Mapa dnia: Polska martwą plamą na mapie Europy. Smog uznany za najskuteczniejszego zabójcę na świecie
W Polsce rozpoczął się właśnie sezon grzewczy, co oznacza, że znów wyemitujemy do atmosfery całą masę trujących substancji. Mam wrażenie, że smog stał się tak powszechnym zjawiskiem, że powoli przestajemy się nim przejmować. Niesłusznie.
Jak wynika z badań przeprowadzonych na Uniwersytecie Chicago, obecny poziom zanieczyszczenia powietrza obniża naszą średnią długość życia aż o 1,8 roku. To więcej niż palenie papierosów (1,6 roku) czy nadużywanie alkoholu i mocniejszych narkotyków (zaledwie 11 miesięcy). I mówimy tutaj o średnich wartościach.

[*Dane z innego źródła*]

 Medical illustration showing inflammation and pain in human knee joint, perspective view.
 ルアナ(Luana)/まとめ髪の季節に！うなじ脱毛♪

Z raportu Air Quality Life Index (AQLI) opublikowanego przez naukowców z Chicago wynika np., że zanieczyszczenie powietrza na niektórych obszarach Indii jest tak duże, że tamtejsi mieszkańcy żyją średnio o 11 lat krócej, niż mogliby, gdyby żyli w czystszym miejscu. Przerażające.
Zanieczyszczenie powietrza w Polsce - mamy się czego wstydzić.
Sytuacja w naszym kraju na szczęście nie jest tak dramatyczna jak w Indiach, ale nie mamy się też czym pochwalić. Wystarczy spojrzeć na poniższą mapę zanieczyszczeń unoszących się w powietrzu:
Nawet Narodowy Fundusz Zdrowia w zeszłorocznych raporcie wskazał smog, jako sprawcę rosnącej liczby zgonów w naszym kraju. Mowa tutaj oczywiście o sezonie grzewczym. Na przełomie stycznia i lutego 2017 r. rekordowe stężenie płynów PM10 w powietrzu zbiegło się w czasie z… rekordową liczbą zgonów, większą o 23,5 proc. w stosunku do danych z 2016 r.
Trujemy się w najlepsze i bez większych refleksji.
W Polsce co roku umiera średnio od 45 do 48 tys. osób. Obecnie szacuje się, że aż 12 proc. tej liczby stanowią zgony wywołane (lub powiązane z) niską jakością powietrza. Największym generatorem polskiego smogu jest tzw. sektor komunalno-bytowy, czyli gospodarstwa domowe.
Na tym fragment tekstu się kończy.